The rating on the Philippines’ long-term foreign-currency- denominated debt was raised one level to BBB- from BB+, with a stable outlook, S&P said in a statement yesterday. In contrast, the assessor revised its outlook on Indonesia’s BB+ rating to stable from positive.

May 3 (Bloomberg) — Philippine Finance Secretary Cesar Purisima talks about the nation’s investment grade rating by Standard & Poor’s, and the outlook for the domestic economy. The Philippines beat Indonesia to win an investment grade from S&P’s, as President Benigno Aquino outshines Susilo Bambang Yudhoyono in improving government finances and spurring growth. Purisima speaks with Susan Li on Bloomberg Television’s “First Up.” (Source: Bloomberg)

President Benigno Aquino has increased state spending and narrowed the budget deficit while stepping up its fight against corruption. Photographer: Julian Abram Wainwright/Bloomberg

“We’re continuing to address constraints to growth,” Philippine Finance Secretary Cesar Purisima said in a Bloomberg Television interview with Susan Li today. “We’re fast tracking our infrastructure projects. We’re looking at areas we can open up to foreign investors.”
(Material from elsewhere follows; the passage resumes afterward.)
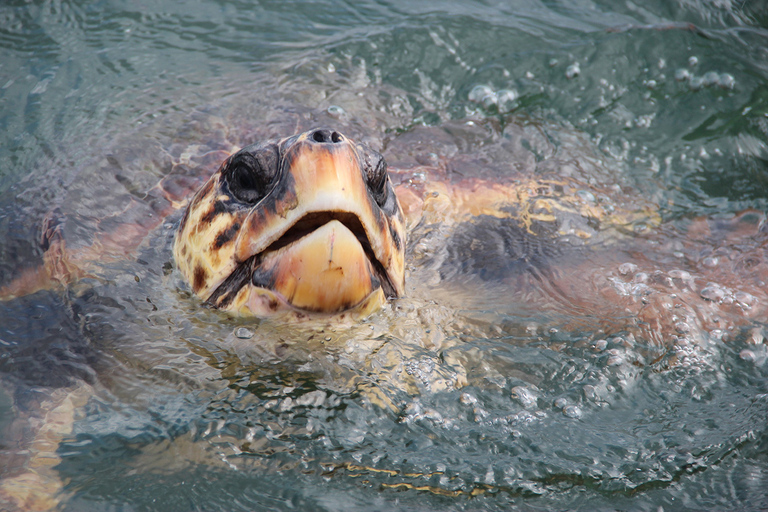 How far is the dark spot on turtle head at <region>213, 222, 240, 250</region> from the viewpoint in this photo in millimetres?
2152

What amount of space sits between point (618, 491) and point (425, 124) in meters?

Aquino’s drive to transform the nation into one of the region’s fastest-growing economies is gaining strength, with the government forecasting record investment pledges this year as companies including Murata Manufacturing Co. expand. In Indonesia, President Yudhoyono has delayed cutting fuel subsidies that have drained government finances even as he tries to allocate more funds to infrastructure spending.

“For the Philippines, this is yet another confirmation that Aquino’s reforms have borne fruit, which would help in attracting not just short-term flows, but long-term direct investments,” said Santitarn Sathirathai, a Singapore-based economist at Credit Suisse Group AG. “The rating momentum for Indonesia is moving in the wrong direction.”

Capital Inflows

The Philippine Stock Exchange Index (PCOMP) rose as much as 1.9 percent today to a record. Indonesia’s benchmark Jakarta Composite Index (JCI) slid a second day.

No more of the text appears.